In America is a 1999 novel by Susan Sontag. It won the U.S. National Book Award for Fiction. It is based on the true story of Polish actress Helena Modjeska (called Maryna Zalewska in the book), her arrival in California in 1876, and her ascendancy to American stardom.

==Alleged plagiarism==
Sontag was accused of plagiarism by Ellen Lee, who discovered at least twelve passages in the 387-page book that were similar to passages in four other books about Modjeska, including My Mortal Enemy, a novel by Willa Cather. (Cather wrote: "When Oswald asked her to propose a toast, she put out her long arm, lifted her glass, and looking into the blur of the candlelight with a grave face, said: 'To my coun-n-try!'" Sontag wrote, "When asked to propose a toast, she put out her long arm, lifted her glass, and looking into the blur of the candlelight, crooned, 'To my new country!'" "Country," muttered Miss Collingridge. "Not 'coun-n-try.'")
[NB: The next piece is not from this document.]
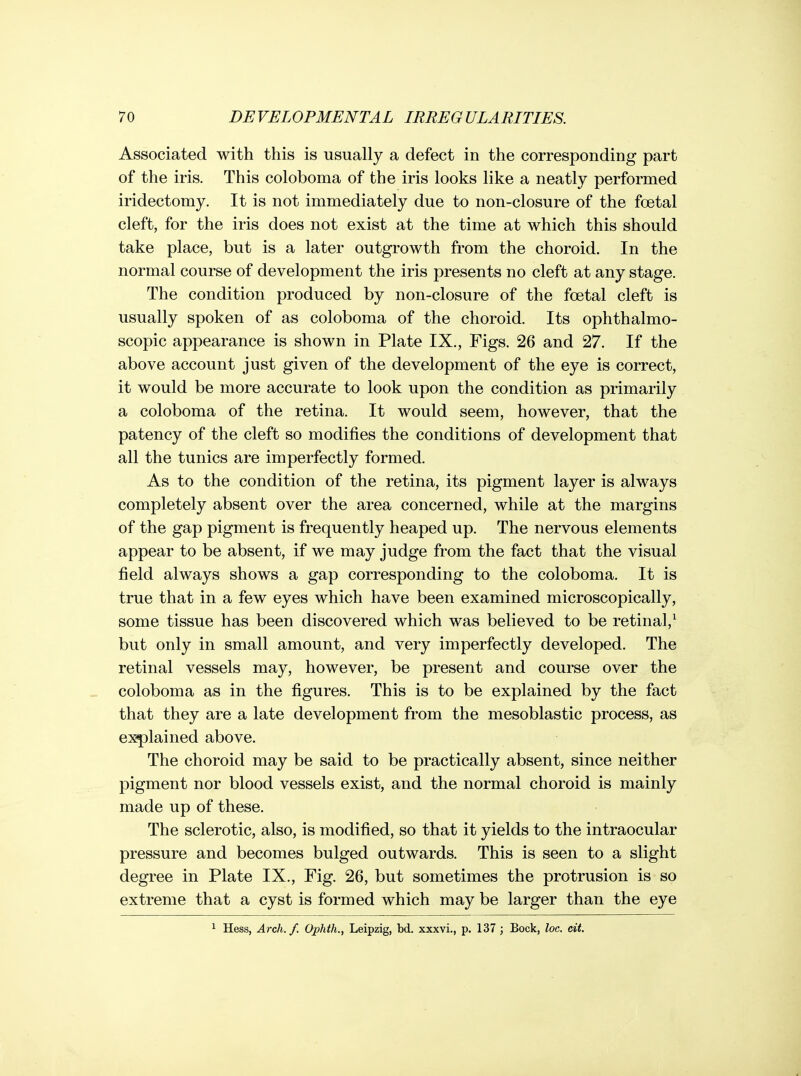 Associated with this is usually a defect in the corresponding part of the iris. This coloboma of the iris looks like a neatly performed iridectomy. It is not immediately due to non-closure of the foetal cleft, for the iris does not exist at the time at which this should take place, but is a later outgrowth from the choroid. In the normal course of development the iris presents no cleft at any stage. The condition produced by non-closure of the foetal cleft is usually spoken of as coloboma of the choroid. Its ophthalmo- scopic appearance is shown in Plate IX., Figs. 26 and 27. If the above account just given of the development of the eye is correct, it would be more accurate to look upon the condition as primarily a coloboma of the retina. It would seem, however, that the patency of the cleft so modifies the conditions of development that all the tunics are imperfectly formed. As to the condition of the retina, its pigment layer is always completely absent over the area concerned, while at the margins of the gap pigment is frequently heaped up. The nervous elements appear to be absent, if we may judge from the fact that the visual field always shows a gap corresponding to the coloboma. It is true that in a few eyes which have been examined microscopically, some tissue has been discovered which was believed to be retinal,^ but only in small amount, and very imperfectly developed. The retinal vessels may, however, be present and course over the coloboma as in the figures. This is to be explained by the fact that they are a late development from the mesoblastic process, as explained above. The choroid may be said to be practically absent, since neither pigment nor blood vessels exist, and the normal choroid is mainly made up of these. The sclerotic, also, is modified, so that it yields to the intraocular pressure and becomes bulged outwards. This is seen to a slight degree in Plate IX., Fig. 26, but sometimes the protrusion is so extreme that a cyst is formed which may be larger than the eye Hess, Arch. f. Ophth., Leipzig, bd. xxxvi., p. 137 ; Bock, loc. cit.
The quotations were presented without credit or attribution. Sontag said about using the passages, "All of us who deal with real characters in history transcribe and adopt original sources in the original domain. I've used these sources and I've completely transformed them. I have these books. I've looked at these books. There's a larger argument to be made that all of literature is a series of references and allusions."

==Reception==
In America has been praised by literary critics. Publishers Weekly wrote, "As she did in The Volcano Lover, Sontag crafts a novel of ideas in which real figures from the past enact their lives against an assiduously researched, almost cinematically vivid background. Here again her signal achievement is to offer fresh and insightful commentary on the social and cultural currents of an age, with a distinctive understanding of how historical events forged character and destiny." Sarah Kerr of The New York Times gave the book modest praise, writing, "Almost but not quite as lively as in The Volcano Lover, Sontag's prose here is lithe, playful: in spite of the listless plot, this book has flow. Indeed, In America reads so smoothly that one could almost accuse Sontag of placing too few demands on her readers. Stimulating ideas, as usual, lurk around every corner. But they tend to arrive pre-interpreted." She added, "Sentence by sentence, scene to scene, the writing in In America is utterly nimble. It's the ideas, somehow, that lag behind."

John Sutherland of The Guardian was more critical, however, remarking, "Let's face it: if this was a first novel by a literary unknown it would have been lucky to make it into print. What makes In America an object of interest is less its page-turning readability than its significance as the latest move in Susan Sontag's brilliant career."